**Exercise prompt**
Below are entries with pictures in them. Output exactly the lines starting at the line with "Apartment With Balcony Gdańsk by Renters" and ending at the line with "Ferienwohnung Mit 2", both included, but not the pictures.

**Source data**
::::::::
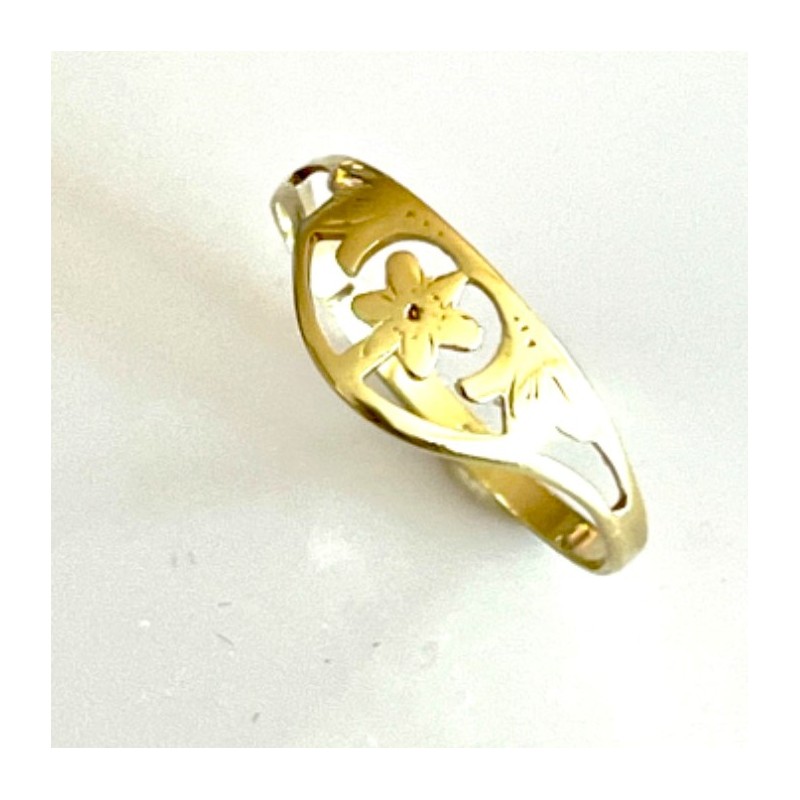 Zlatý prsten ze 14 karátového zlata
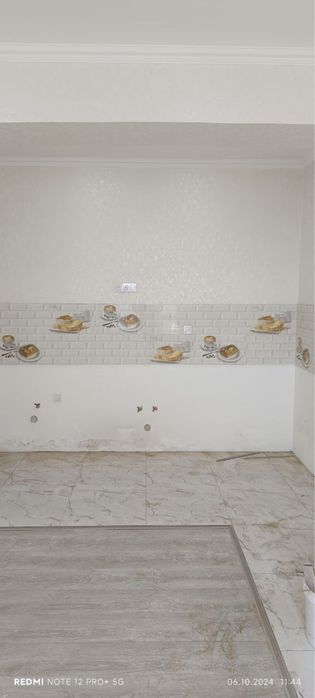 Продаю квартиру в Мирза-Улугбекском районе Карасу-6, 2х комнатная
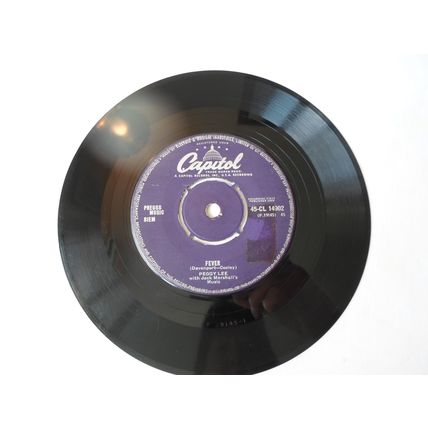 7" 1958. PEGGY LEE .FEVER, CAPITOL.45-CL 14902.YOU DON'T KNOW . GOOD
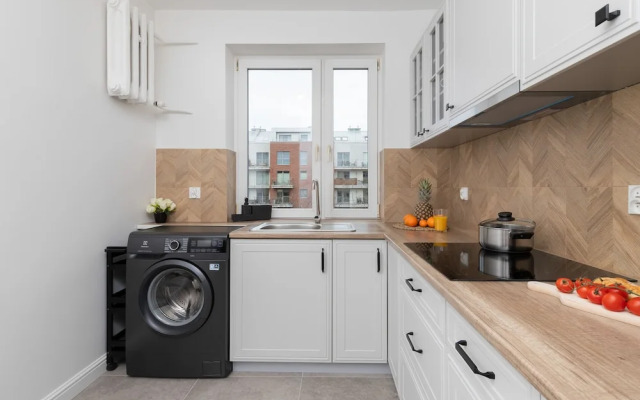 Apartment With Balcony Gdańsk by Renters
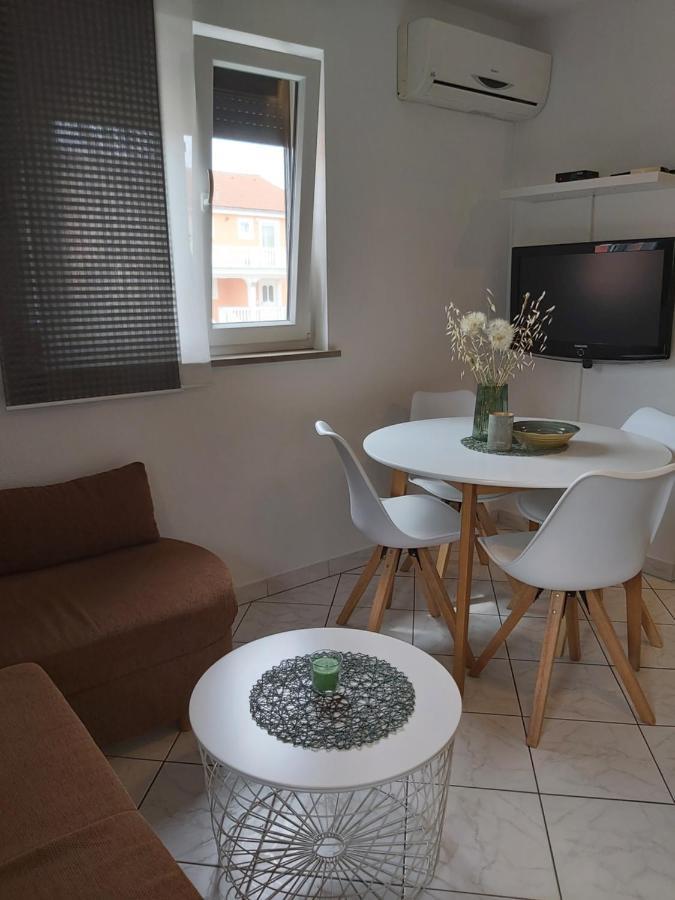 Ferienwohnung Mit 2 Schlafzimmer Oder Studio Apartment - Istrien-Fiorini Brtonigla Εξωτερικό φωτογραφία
::::::::
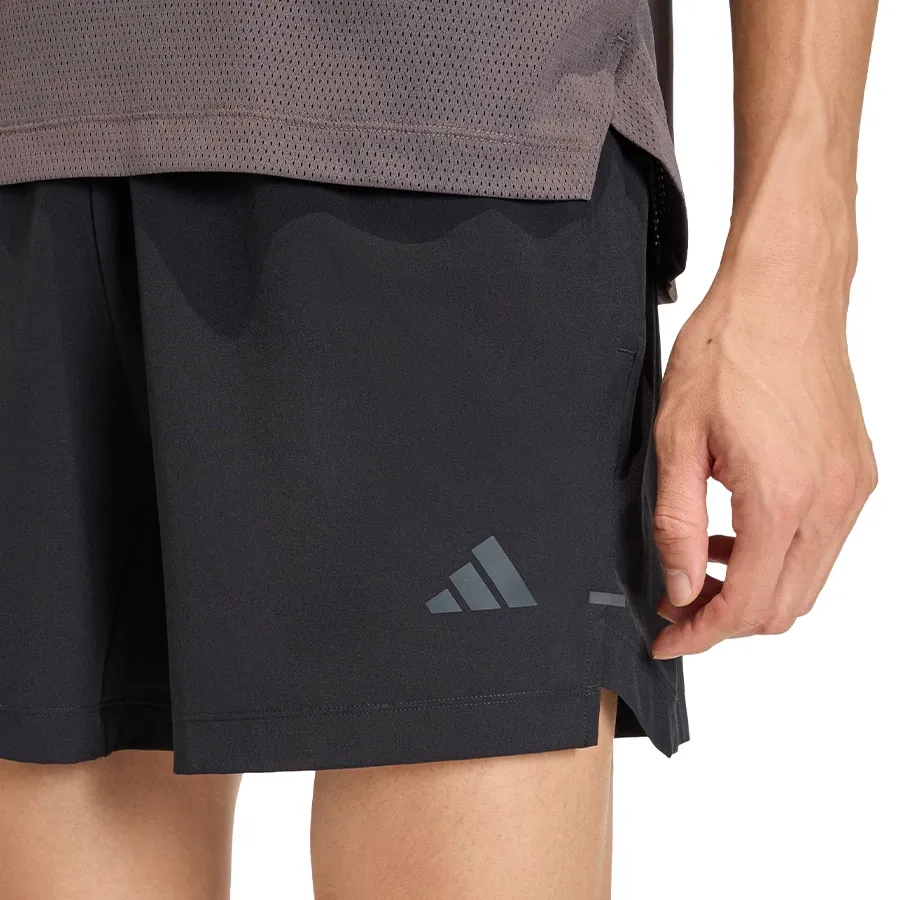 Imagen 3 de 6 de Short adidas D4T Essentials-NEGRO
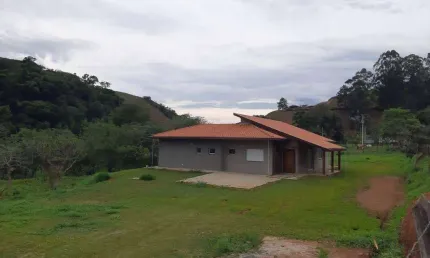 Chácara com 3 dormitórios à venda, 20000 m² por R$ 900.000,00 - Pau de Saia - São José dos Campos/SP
::::::::
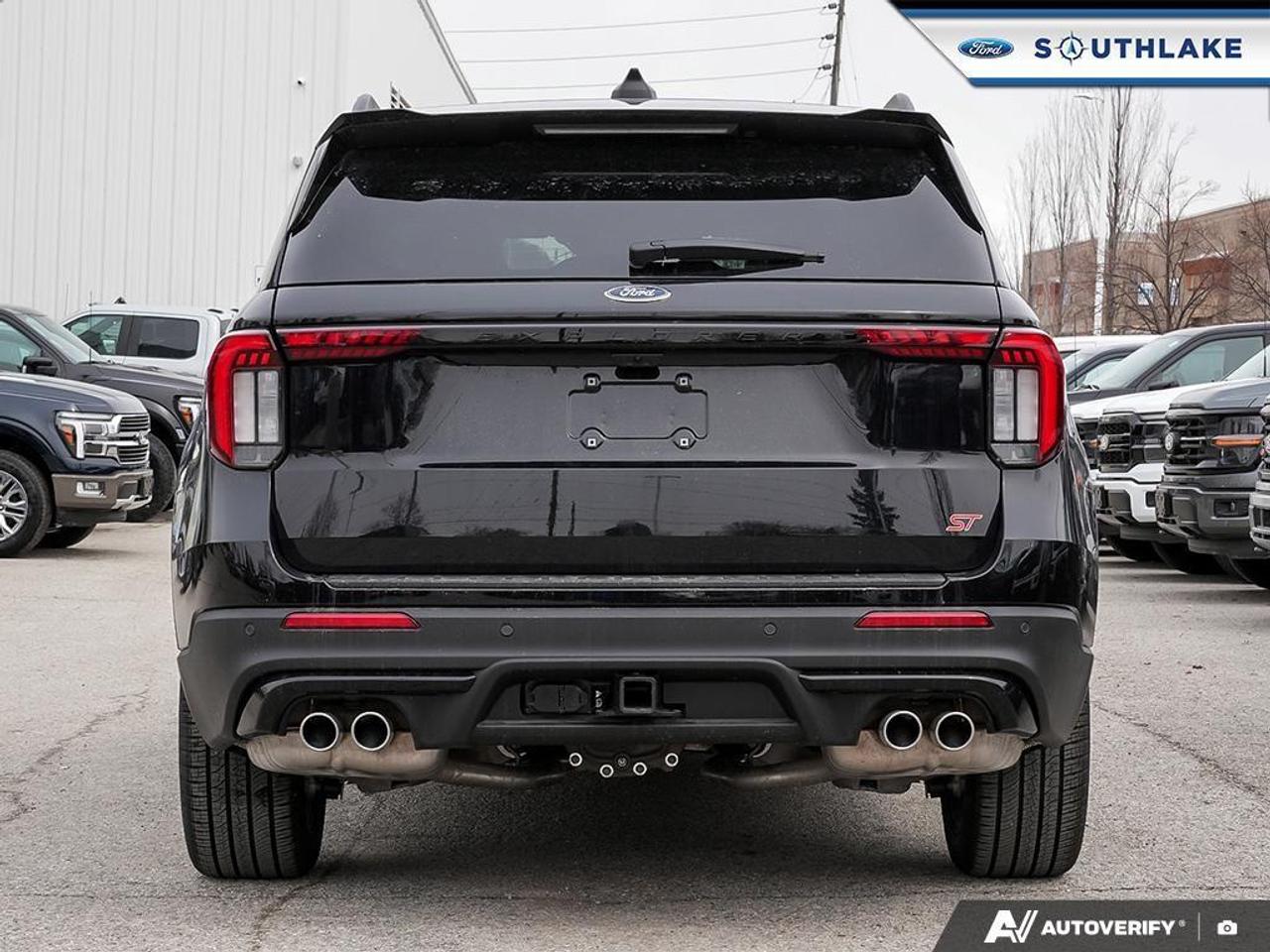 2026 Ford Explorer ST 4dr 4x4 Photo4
::::::::
**Problem solution**
 Apartment With Balcony Gdańsk by Renters
 Ferienwohnung Mit 2 Schlafzimmer Oder Studio Apartment - Istrien-Fiorini Brtonigla Εξωτερικό φωτογραφία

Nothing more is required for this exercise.